Having recently stumbled across a handful of videos of people riding waves with ease with nothing more than something strapped to their hand, we figured a handplane could be a potential addition to our quivers.
You know, for those days where it isn't pumping. However, what started as a backup to surfing soon became our new reason for hitting the water - handplaning.
Bodysurfing has recently been popularized, becoming the focus of Keith Malloy's awe-inspiring "Come Hell or High Water" documentary.
This alternative form of wave-riding surfing subculture harnesses the ocean's energy as you intimately ride the surf it spits out.
This stripped-back form of wave riding embraces simplicity and helps connect you with the purest stoke.
Handplaning, an upgrade to bodysurfing, ensures you can get even more out of your surf sessions by providing longer, cleaner rides, allowing you to stick to your line more easily, change direction effortlessly, and even attempt a barrel roll when you're feeling confident.
More than anything else, though, it's immensely good fun.
Free from being tethered to a bodyboard or surfboard and without the added stresses involved in picking and sticking the perfect wave, handplaning allows you to experience surf like never before.
Easy Start
What was previously just a barely known pastime - til now predominantly isolated to surfing's infamous Hawaiian and Polynesian history spots - is now fast becoming a legitimate water sport, making room for itself on surfing's world stage.

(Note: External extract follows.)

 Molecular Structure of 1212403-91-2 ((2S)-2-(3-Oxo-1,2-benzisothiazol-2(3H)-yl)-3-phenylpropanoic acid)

With the World Bodysurfing Championships just gone and the first annual UK Bodysurfing Championships arriving in Newquay, momentum is certainly with the bodysurfing fraternity.
With paipos, alaias, and now handplanes increasingly taking their spot on most surf shops' shelves, an "alternative wave sliding culture" grows in stature.
The accessibility of the sport is its beauty, meaning picking up handplaning couldn't be quicker or simpler.
It doesn't matter if you have experience from surfing or bodyboarding or if handplaning is your reason for getting in the water.
Paddling in front of a peaking wave with a handboard out in front of you is all you need to do to get yourself flying down its face and soon hurtling through your first tube ride.
Something everyone dreams about but few actually experience. And it doesn't take much more explaining than that.
All you need is a handplane and a pair of swim fins.
Riding a Wave
When you find a wave coming your way, stretch your body out in a Superman-like position, your handplane on your leading hand, kick like mad, and as the wave reaches your feet, you'll feel it lift you up, and now you're bodysurfing.
But don't stop kicking.
Pick your line by positioning your leading hand and ride the section until, if you're lucky, that wall of water will barrel over you - wrapping you up within.
Push your handboard into the surface of the water and feel it talk back to you as it lifts you further out of the water. Hey, presto! You've just experienced handplaning.
Now swim back out there and do it all again.
As all surfers know, not all spots contain a perfect right-hander that works all year round, and conditions are about as consistent as they are variable.
The most satisfying thing about handplaning is that even on those blown-out choppy days or those pancake-flat lifeless days, you'll still manage to find yourself riding a wave when most others around you aren't.
So now you can see why having a handplane in your quiver isn't just a good idea - it's a necessity.